I am feeling very much at the end of my rope with my H. It took him two days to call me and let me know he had arrived home safely. And then it was just to say he'd be mailing me a check and that he'd be in touch in a couple days to talk.
Frankly I'm not sure what there is to talk about. Either he wants to work on our M or he's going to sign papers so we can D. I'm tired of waiting for him to make a decision. I just don't see how we can ever repair our M if he won't answer my phone calls (I have to leave a message and then he calls back) and he doesn't want to spend time with me.
I called him today to see if we could get together and of course he didn't answer his phone. So I stupidly left a message that I was assuming he didn't want to get together or he'd have answered and that if he changed his mind to call later that day. If he didn't call I'd assume he was going to sign papers for a property settlement so I could file for a divorce and that I'd pick up the papers on Monday.

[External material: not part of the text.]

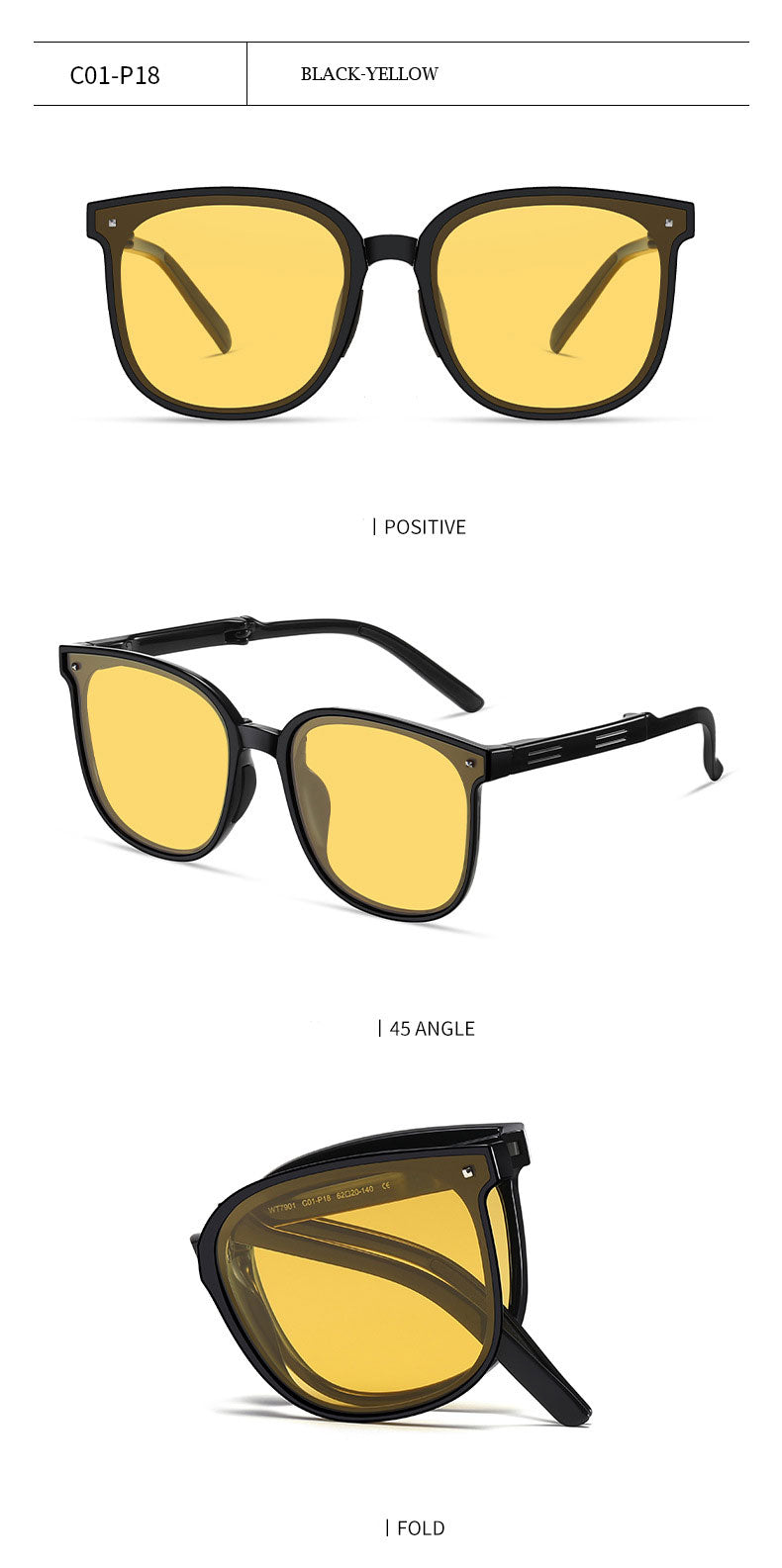 Zirosat Unisex Full Rim Square Alloy Foldable Sunglasses WT7901 — view 11 | Zirosat at FuzWeb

Honestly, how can he really believe he's being truthful when he tells me he loves me and misses me if he doesn't want to spend time with me? When you miss someone you come to see them as soon as you can.
All his words indicate we have something left to save but all his actions indicate otherwise.
I love my H and would love to make things right again but I am no longer sure that I would be able to do that. I can forgive a lot but I'm not sure I will ever be able to trust him again or to feel safe that he isn't going to suddenly go wacko again and leave me.
I really feel it is time for him to make a decision here. Or am I just being impatient?